Sample Lambda code for Kinesis Firehose (in Python 2.7):

from __future__ import print_function

import base64
import json

print('Loading function')


def lambda_handler(event, context):
    output = []

    for record in event['records']:
        # print(record['recordId'])
        payload = base64.b64decode(record['data'])

        # Do custom processing on the payload here
        # Preprocessing data
        payload_dict = json.loads(payload)
        # print("INCOMING payload:")
        # print(payload_dict)
        temp = payload_dict["nestedstructure"]["temp"]
        payload_dict[u"temp"] = temp
        payload_dict.pop("nestedstructure")
        # print("OUTGOING payload:")
        # print(payload_dict)
        payload_new = json.dumps(payload_dict)+"\n"

        output_record = {
            'recordId': record['recordId'],
            'result': 'Ok',
            'data': base64.b64encode(payload_new)
        }
        output.append(output_record)

    print('Successfully processed {} records.'.format(len(event['records'])))
    """
    {
      "records": [
        {
          "recordId" : record ID that was passed,
          "result"   : string with value - Ok, Dropped, ProcessingFailed
          "data"     : processed base64-encoded user payload
        }
      ]
    }
    """
    return {'records': output}
*
Update Kinesis Firehose role by attaching a new inline policy:
{
    "Version": "2012-10-17",
    "Statement": [
        {
            "Sid": "VisualEditor0",
            "Effect": "Allow",
            "Action": [
                "lambda:InvokeFunction",
                "lambda:InvokeAsync"
            ],
            "Resource": "*"
        }
    ]
}
*
Update Kinesis Analytics role by attaching a new inline policy:
{
    "Version": "2012-10-17",
    "Statement": [
        {
            "Sid": "VisualEditor0",
            "Effect": "Allow",
            "Action": [
                "lambda:InvokeFunction",
                "lambda:InvokeAsync"
            ],
            "Resource": "*"
        }
    ]
}
*
Although Kinesis Firehose has its pre-processing logic associated (via Lambda function), the Kinesis Analytics sitting behind it also need to have pre-processing worker (via Lambda function), if same or similar transformation or data enrichment logic is needed there. Seen from the lab result, the raw input stream that Kinesis Analytics get from Firehose is the input stream of Kinesis Firehose, meaning the transformation work on Firehose has nothing to do with Analytics.

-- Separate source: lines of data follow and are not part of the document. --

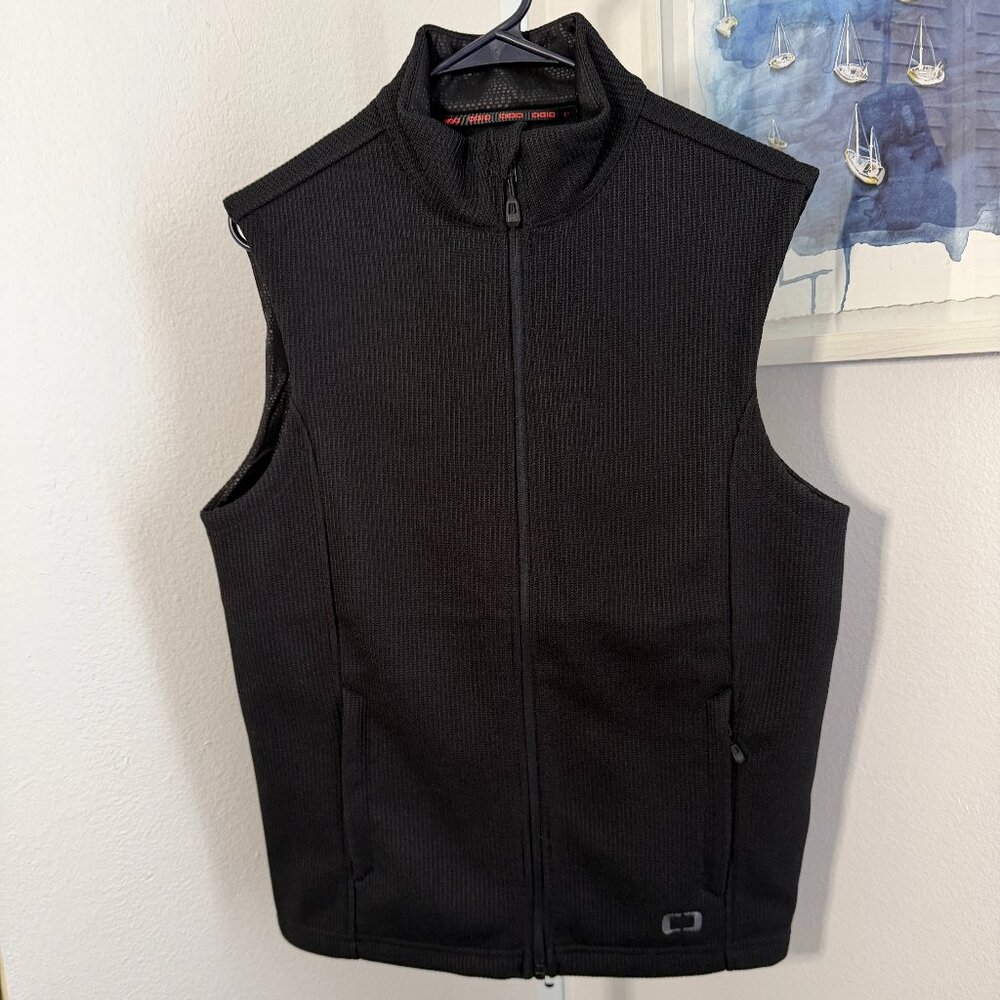 OGIO Unisex Ribbed Fleece Vest - Size Small (Chest 35"- 37")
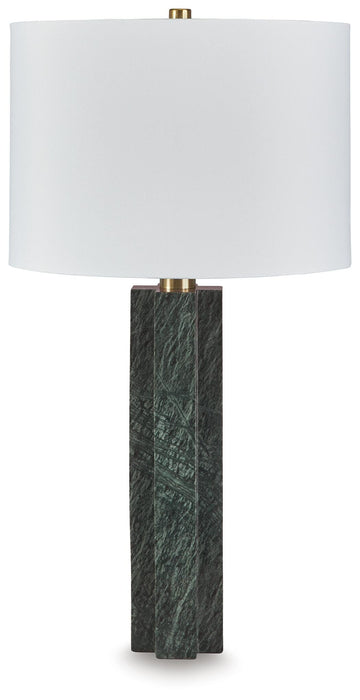 Keegan Green Marble Table Lamp (1/CN)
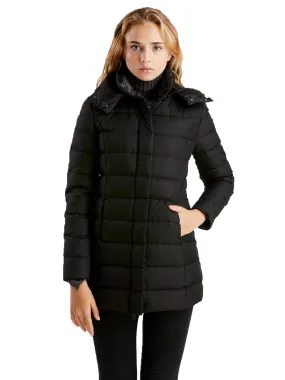 Refrigiwear women's hooded down jacket Grace W06300 XT3696 G06000 black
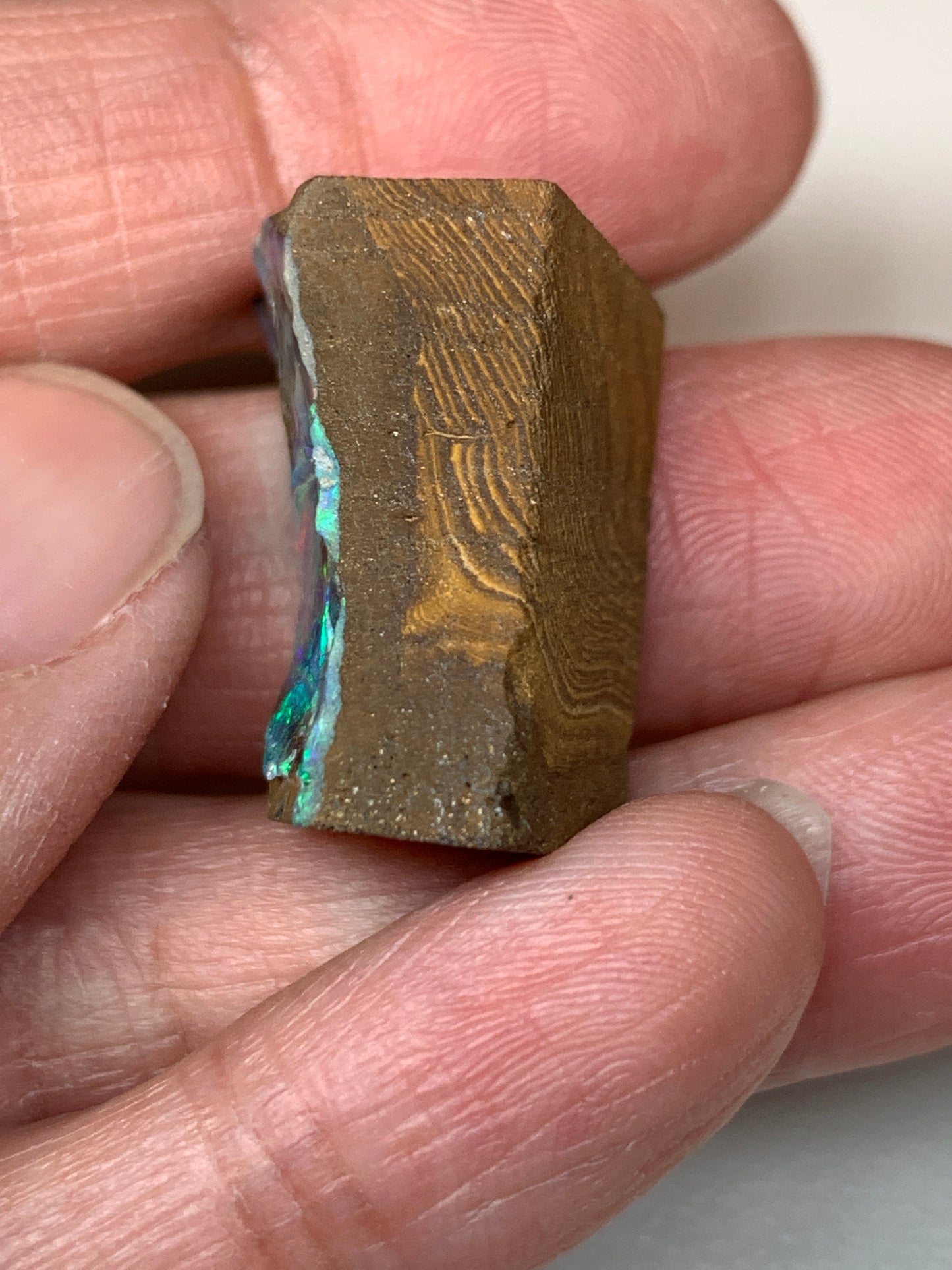 Boulder Opal Split Pair Rubs. 17.2 Grams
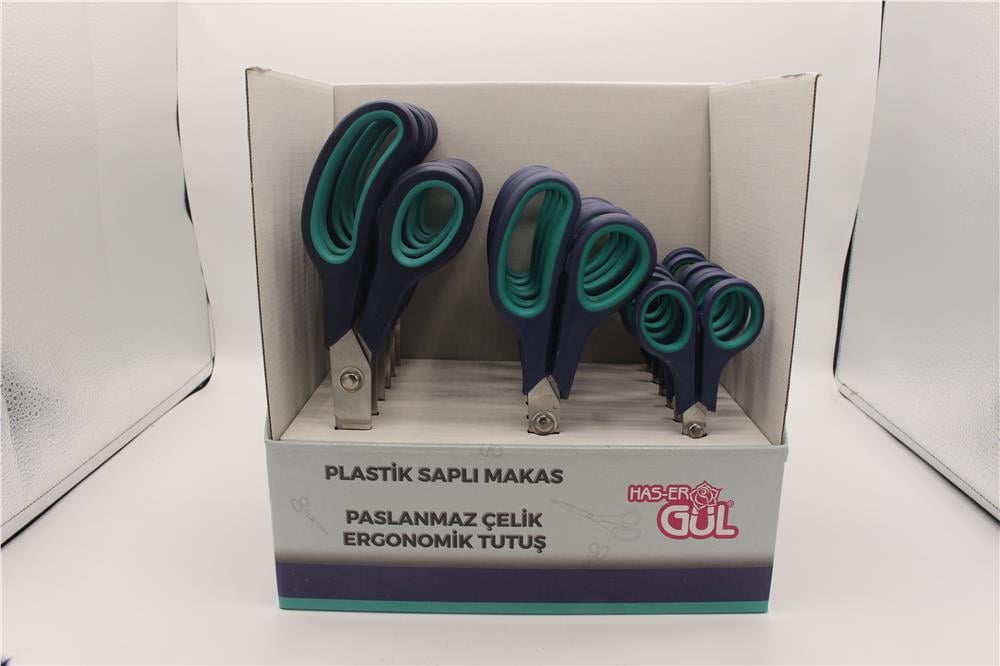Yeşil Saplı Set Makas - Renkli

The raw source input data to Kinesis Analytics is as below:
{  "uuid": "cd5ea76a-678c-46c8-bc1d-0253b3912b8c",  "devicets": "2018-12-23 10:49:45.821",  "deviceid": 382,  "nestedstructure": {    "temp": 71  }}
, ...
When the raw data entering Analytics, it need transforming again into desired format using Lambda function for Kinesis Analytics (in Python 2.7). This Lambda function pre-processes data before it entering SQL engine in Kinesis Analytics.
from __future__ import print_function

import base64
import json

print('Loading function')


def lambda_handler(event, context):
    output = []

    for record in event['records']:
        payload = base64.b64decode(record['data'])
        
        # Do custom processing on the record payload here
        payload_dict = json.loads(payload)
        temp = payload_dict["nestedstructure"]["temp"]
        payload_dict[u"temp"] = temp
        payload_dict.pop("nestedstructure")
        payload_new = json.dumps(payload_dict)
        
        output_record = {
            'recordId': record['recordId'],
            'result': 'Ok',
            'data': base64.b64encode(payload_new)
        }
        
        output.append(output_record)

    print('Successfully processed {} records.'.format(len(event['records'])))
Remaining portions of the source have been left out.